Основным текстом при сверке перевода Ф. Г. Мищенко с оригиналом служило для меня большое издание истории Ѳукидида, исполненное датским ученым Карлом Гуде (Hude) и вышедшее в Лейпциге в 1898 и 1901 гг. Те наиболее важные случаи, когда я считал себя вынужденным отклониться от редакции, установленной Гуде, мною оговорены в "Критических примечаниях", где читатель найдет также и краткие сведения о рукописном предании истории Ѳукидида и о главнейших критических изданиях ее.
Эд. Мейер[2] справедливо указывает на то, что у нас нет еще "исторического комментария" к Ѳукидиду, т. е. такого комментария, для которого филологическое толкование служило бы не конечною целью, а лишь необходимой предпосылкой. Главнейшею задачею такого исторического комментария должно было бы быть, по словам Эд. Мейера, выяснение всего того, что́ содержится в истории Ѳукидида, указание на то, почему Ѳукидид то или иное излагает так, а не иначе, руководствуясь какими соображениями, он заставляет то или иное из действующих в его истории лиц выступать с речью и почему именно с такою речью, а не иною, и т. п. Составление такого рода комментария не могло, конечно, входить в мою задачу, выполнение которой потребовало бы и большего труда, и чрезвычайного умения. Я ограничился присоединением к переводу, по возможности, кратких и сжатых "объяснительных примечаний" почти исключительно реального характера. Филологическая сторона в них почти отсутствует, так как, если бы я остановился на ней, пришлось бы во много раз увеличить размеры издания и нарушить общий характер той серии, в состав которой оно входит. Некоторым дополнением к данным мною примечаниям должны послужить приложенные к изданию хронологическая таблица, географические карты и подробный указатель, составленный Ф. Г. Мищенко и мною проредактированный.
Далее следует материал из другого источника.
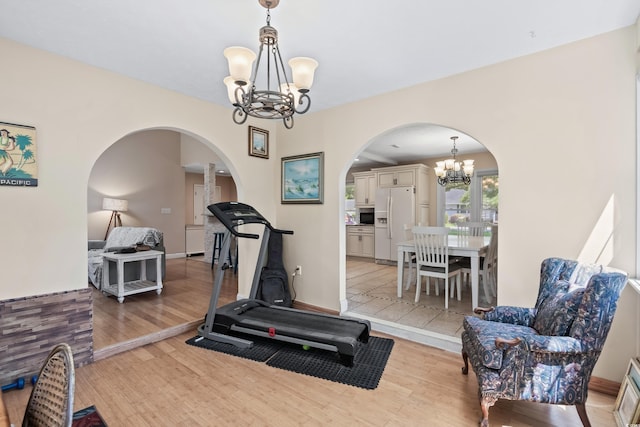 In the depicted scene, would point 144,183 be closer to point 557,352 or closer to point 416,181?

Примечания сопутствовали и переводу Ф. Г. Мищенко. Я не решился подвергать их переработке в новом издании перевода, убедившись, что они составлены в ином масштабе и преследуют иные цели, чем те примечания, которые обыкновенно сопутствуют переводы в серии "Памятников мировой литературы". Примечания Ф. Г. Мищенко могут послужить в некоторых случаях дополнением к примечаниям, данным мною. Последние, конечно, не исчерпывают всего того, что́ нуждалось бы в пояснении, но я сознательно при составлении их был скуп, будучи убежден, что обилие примечаний неизбежно отвлекает читателя от самого текста. Кто пожелал бы восполнить имеющиеся пробелы в них, тому лучше всего обратиться к комментированному изданию Ѳукидида Классена в обработке Штейпа,[3] а также к специальным монографиям о Ѳукидиде и изложению истории Пелопоннесской войны в общих сочинениях по истории Греции (особенно Бузольта и Эд. Мейера).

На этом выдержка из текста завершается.